## Aim of the task
Please keep the images out and set down the data exactly as given.

━━━ Given data ━━━

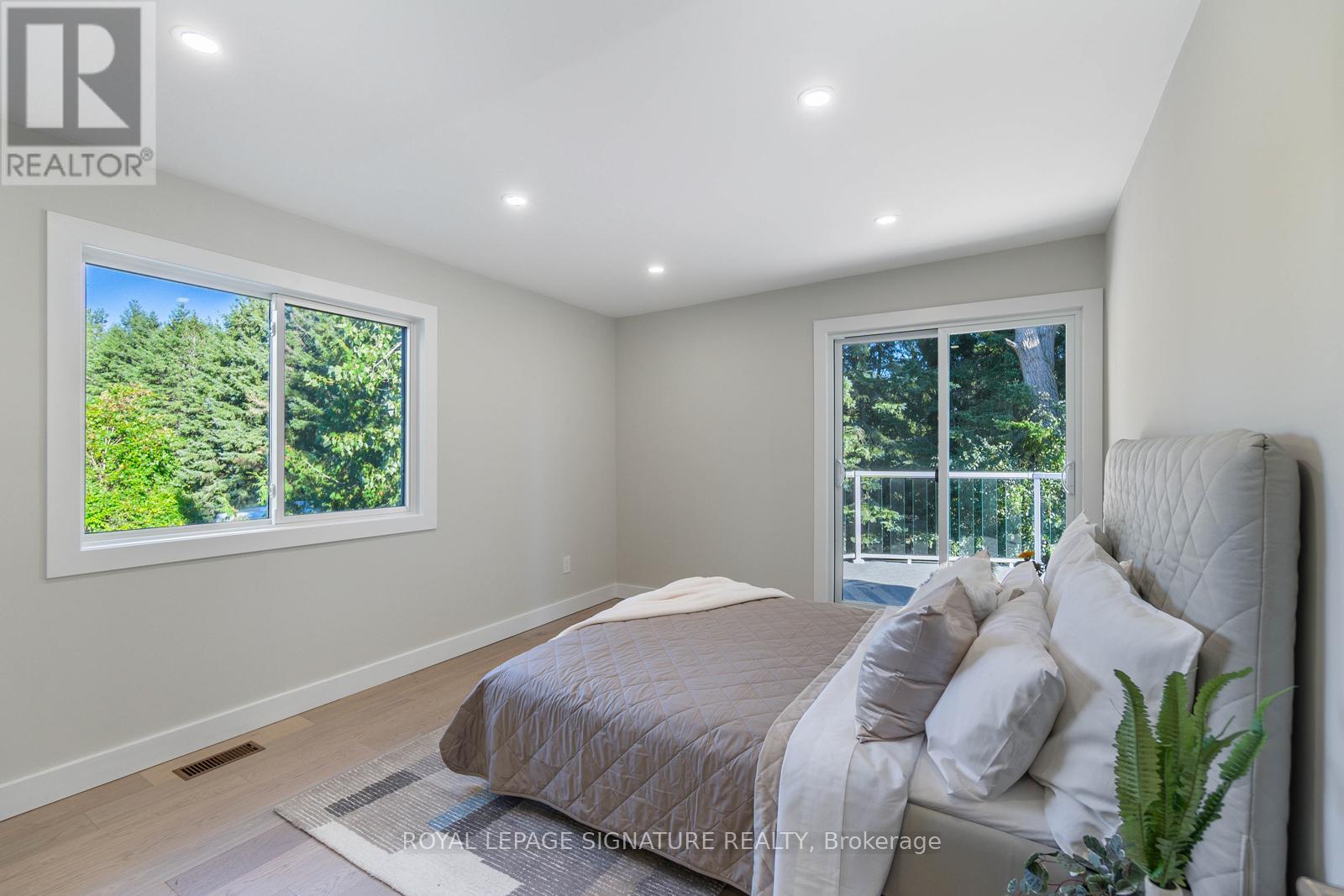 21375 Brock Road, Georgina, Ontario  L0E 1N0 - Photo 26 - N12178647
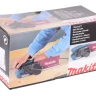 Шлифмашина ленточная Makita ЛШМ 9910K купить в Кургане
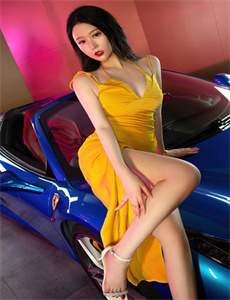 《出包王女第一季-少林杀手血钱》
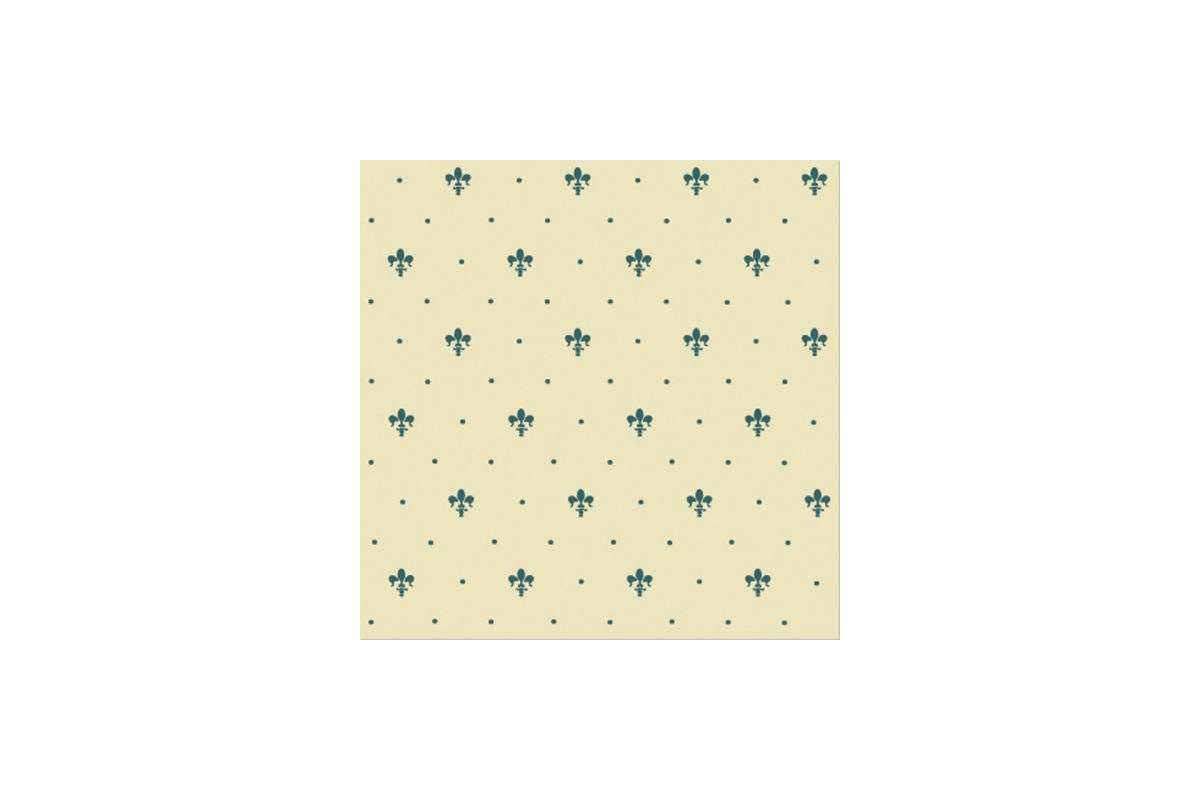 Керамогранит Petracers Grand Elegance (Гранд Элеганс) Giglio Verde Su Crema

━━━

## Finished task
 21375 Brock Road, Georgina, Ontario  L0E 1N0 - Photo 26 - N12178647
 Шлифмашина ленточная Makita ЛШМ 9910K купить в Кургане
 《出包王女第一季-少林杀手血钱》
 Керамогранит Petracers Grand Elegance (Гранд Элеганс) Giglio Verde Su Crema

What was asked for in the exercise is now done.